Time frame ina callender
The first systematic observations in Islam are reported to have taken place under the patronage of (al-Mamun September 786 – 9 August 833). Here, and in many other private observatories from Damascus to Baghdad, meridian degrees were measured, solar parameters were established, and detailed observations of the Sun, Moon, and planets were undertaken.

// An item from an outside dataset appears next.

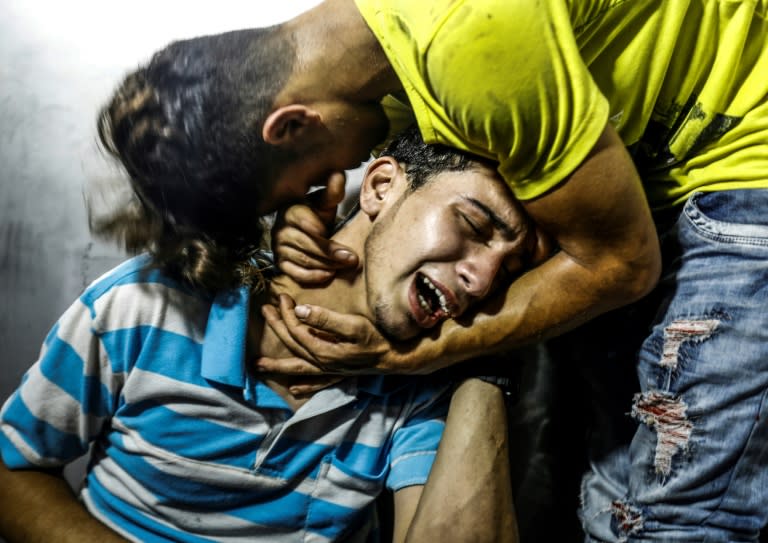 Palestinian youths mourn at al-Shifa hospital morgue on July 14, 2018 after two teenagers were killed in one of a series of Israeli raids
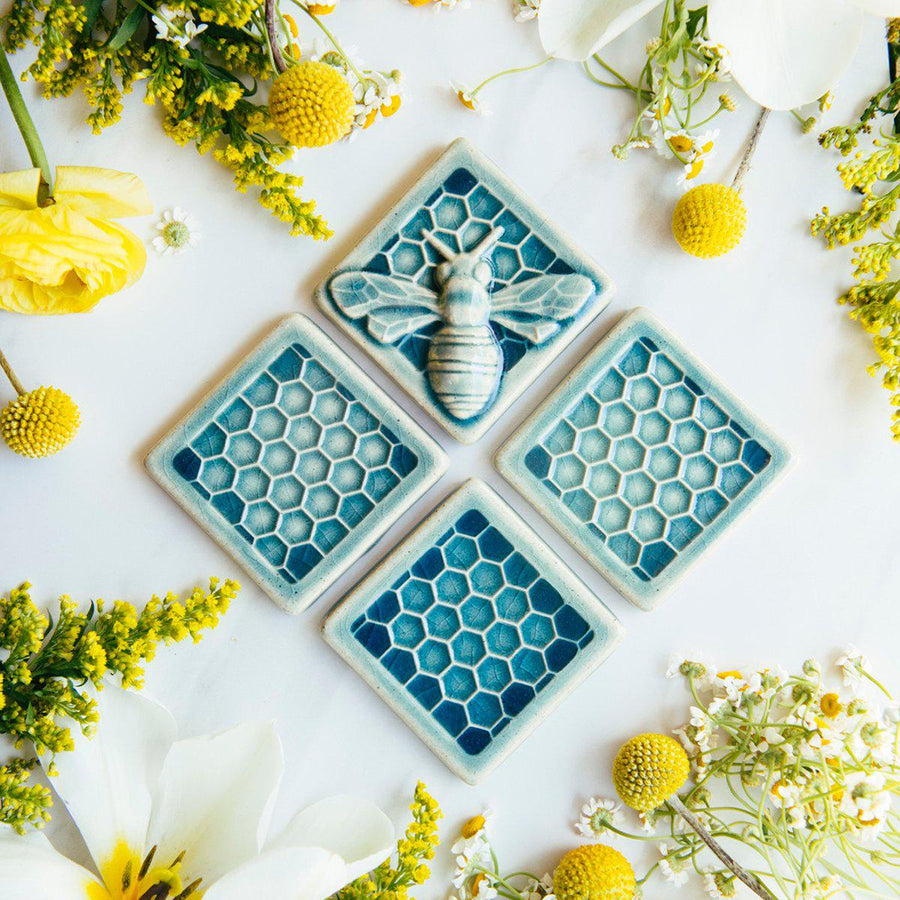 This Honey Bee Tile is featured in the medium blue Glacier Gloss glaze. It is set on a table surrounded by three honeycomb tiles in the same glossy glaze.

In the 10th century, the Buwayhid dynasty encouraged the undertaking of extensive works in astronomy, such as the construction of a large-scale instrument with which observations were made in the year 950. We know of this by recordings made in the zij of astronomers such as Ibn al-Alam. The great astronomer Abd Al-Rahman Al Sufi was patronised by prince Adud o-dowleh, who systematically revised Ptolemy's catalogue of stars. Sharaf al-Daula also established a similar observatory in Baghdad. And reports by Ibn Yunus and al-Zarqall in Toledo and Cordoba indicate the use of sophisticated instruments for their time.
It was Malik Shah I who established the first large observatory, probably in Isfahan. It was here where Omar Khayyám (1048 – 4 December 1131) with many other collaborators constructed a zij and formulated the Persian Solar Calendar a.k.a. the jalali calendar. A modern version of this calendar is still in official use in Iran today.